Wet snow isn’t necessarily bad for snowboarding. However, it can affect how pleasurable your experience will be. Wet snow can create patches of ice, snow displacement, and otherwise varying textures. This can result in less edge grip and hazardous spots for speedy snowboarders.

Not only does it make things much slower, but the snow will likely feel as though it’s sticking to the underside of your board. While that won’t stop you from boarding, it will definitely become an annoyance after a while. You’ll realize this when you end up on a flat path and lose speed faster, causing you to unclip and walk the rest of the way.

If you want to get past this problem, make sure you have a ski wax formulated specially for soft and wet snow. An even better idea is to have an “all-mountain” ski wax always in the bottom of your boot bag, that way you won’t ever get caught out.

Can You Ski In The Rain?

You can ski in the rain, but it poses many of the same problems as snowboarding does. There are still proper precautions to take as well. It’s unpleasant for most people, and not something many skiers actively look forward to. However, it may be easier to ski than snowboard in the rain.

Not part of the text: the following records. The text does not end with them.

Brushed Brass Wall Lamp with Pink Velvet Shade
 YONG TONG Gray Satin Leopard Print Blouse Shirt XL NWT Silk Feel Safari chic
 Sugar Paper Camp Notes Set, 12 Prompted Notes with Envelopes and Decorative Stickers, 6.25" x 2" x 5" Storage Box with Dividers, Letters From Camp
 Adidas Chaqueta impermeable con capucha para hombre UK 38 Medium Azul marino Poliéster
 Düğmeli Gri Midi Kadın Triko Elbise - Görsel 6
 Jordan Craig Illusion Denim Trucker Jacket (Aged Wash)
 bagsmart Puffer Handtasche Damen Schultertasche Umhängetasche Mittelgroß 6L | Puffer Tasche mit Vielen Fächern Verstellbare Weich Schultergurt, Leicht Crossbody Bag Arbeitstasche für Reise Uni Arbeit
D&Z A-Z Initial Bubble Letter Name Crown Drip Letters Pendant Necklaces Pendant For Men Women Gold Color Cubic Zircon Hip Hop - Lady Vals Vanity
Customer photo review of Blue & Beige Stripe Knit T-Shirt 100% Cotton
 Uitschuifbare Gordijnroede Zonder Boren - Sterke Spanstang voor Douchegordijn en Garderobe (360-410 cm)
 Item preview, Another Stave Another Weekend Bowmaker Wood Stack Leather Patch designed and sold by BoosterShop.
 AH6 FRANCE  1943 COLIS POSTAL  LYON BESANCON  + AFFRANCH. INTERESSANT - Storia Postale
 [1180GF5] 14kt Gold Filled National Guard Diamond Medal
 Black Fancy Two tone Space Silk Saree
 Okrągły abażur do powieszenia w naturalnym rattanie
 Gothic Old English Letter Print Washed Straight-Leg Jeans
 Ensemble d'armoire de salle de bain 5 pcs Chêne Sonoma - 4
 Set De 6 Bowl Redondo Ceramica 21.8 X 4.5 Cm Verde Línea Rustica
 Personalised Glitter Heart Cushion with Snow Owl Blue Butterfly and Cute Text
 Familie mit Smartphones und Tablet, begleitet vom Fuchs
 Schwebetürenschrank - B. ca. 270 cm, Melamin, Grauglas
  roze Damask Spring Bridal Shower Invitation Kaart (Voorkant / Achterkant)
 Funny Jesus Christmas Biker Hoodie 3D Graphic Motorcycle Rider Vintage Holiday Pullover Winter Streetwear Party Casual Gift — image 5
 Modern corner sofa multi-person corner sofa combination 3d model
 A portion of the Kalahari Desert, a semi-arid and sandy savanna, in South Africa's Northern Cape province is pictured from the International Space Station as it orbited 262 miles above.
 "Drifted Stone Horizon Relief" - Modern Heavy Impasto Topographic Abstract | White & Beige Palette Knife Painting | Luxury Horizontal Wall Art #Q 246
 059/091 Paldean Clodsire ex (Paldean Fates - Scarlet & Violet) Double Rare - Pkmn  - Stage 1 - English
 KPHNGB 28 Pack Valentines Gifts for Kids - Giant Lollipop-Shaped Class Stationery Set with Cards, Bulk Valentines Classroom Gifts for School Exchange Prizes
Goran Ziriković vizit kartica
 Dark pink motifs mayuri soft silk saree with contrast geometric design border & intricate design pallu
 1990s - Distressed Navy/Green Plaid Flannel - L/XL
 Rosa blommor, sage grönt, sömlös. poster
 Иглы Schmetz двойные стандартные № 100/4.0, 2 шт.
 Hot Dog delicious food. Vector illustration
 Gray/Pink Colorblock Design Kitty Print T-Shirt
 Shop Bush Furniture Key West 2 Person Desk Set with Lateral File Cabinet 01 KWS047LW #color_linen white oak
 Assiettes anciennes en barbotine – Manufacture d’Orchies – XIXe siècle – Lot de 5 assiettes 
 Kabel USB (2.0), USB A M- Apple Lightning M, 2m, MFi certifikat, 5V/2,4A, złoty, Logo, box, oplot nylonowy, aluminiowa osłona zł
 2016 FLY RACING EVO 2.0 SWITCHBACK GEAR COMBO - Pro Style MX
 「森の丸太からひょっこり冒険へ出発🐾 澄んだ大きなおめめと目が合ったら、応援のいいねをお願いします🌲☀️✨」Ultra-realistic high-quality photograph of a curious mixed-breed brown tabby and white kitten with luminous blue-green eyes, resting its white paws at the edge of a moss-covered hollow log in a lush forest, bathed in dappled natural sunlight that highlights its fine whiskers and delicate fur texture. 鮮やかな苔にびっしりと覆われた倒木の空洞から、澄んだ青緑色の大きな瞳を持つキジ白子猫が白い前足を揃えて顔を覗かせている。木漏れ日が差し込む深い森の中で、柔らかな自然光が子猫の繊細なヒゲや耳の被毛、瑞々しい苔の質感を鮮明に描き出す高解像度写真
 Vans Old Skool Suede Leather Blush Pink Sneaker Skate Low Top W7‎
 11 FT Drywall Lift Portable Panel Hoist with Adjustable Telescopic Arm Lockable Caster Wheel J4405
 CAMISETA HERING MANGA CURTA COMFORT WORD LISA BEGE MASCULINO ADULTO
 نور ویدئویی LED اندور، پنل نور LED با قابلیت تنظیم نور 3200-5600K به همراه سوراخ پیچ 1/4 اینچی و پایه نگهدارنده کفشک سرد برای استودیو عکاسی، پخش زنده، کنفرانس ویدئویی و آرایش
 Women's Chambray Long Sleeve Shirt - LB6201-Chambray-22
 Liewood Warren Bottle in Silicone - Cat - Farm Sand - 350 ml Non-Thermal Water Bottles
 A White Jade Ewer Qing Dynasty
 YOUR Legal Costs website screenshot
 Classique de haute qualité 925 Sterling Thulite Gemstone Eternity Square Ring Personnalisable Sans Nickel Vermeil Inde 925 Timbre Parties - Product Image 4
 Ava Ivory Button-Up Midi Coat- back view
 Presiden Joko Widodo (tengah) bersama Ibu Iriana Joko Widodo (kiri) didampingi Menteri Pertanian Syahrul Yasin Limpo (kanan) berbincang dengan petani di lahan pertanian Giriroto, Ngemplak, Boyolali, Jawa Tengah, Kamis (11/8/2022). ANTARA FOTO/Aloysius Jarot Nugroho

First, skiing over flat ground and slow snow in the rain is more achievable. It is still not easy to ski on, but not nearly as frustrating as it is for snowboards thanks to the ski poles. Second, skiers’ edges are normally sharper than their boarding counterparts, which makes it easier if the rain freezes over. It can still be tricky to ski but is generally easier than it is for boarders.

Finally, if you’re skiing when it’s only recently started raining, your edges won’t grip as much as they normally would. That’s not to say you shouldn’t have your edges sharpened, but you won’t be relying on them as much until it freezes over as we’ve discussed above.

What Is The Best Weather For Snowboarding?

The best weather for snowboarding is a clear, sunny day after a heavy snowfall. Clear blue skies, light and fluffy snow, and all-round incredible weather conditions make for a perfect snowboarding day. A day with deep powder is prime for boarders, providing a floating sensation and soft ground.

If the best weather for snowboards is powder, the best location for snowboarders is in Japan. It has the highest average annual snowfall each year and the lightest, fluffiest snow on the planet. J-Pow is the ultimate goal for most boarders.

Final Thoughts

Snowboarding in the rain isn’t necessarily bad, but depending on the temperature and visibility, it can become dangerous. The most important thing is to consider whether you would still enjoy skiing in weather like that. If you would, prepare properly to have the best rainy-day experience.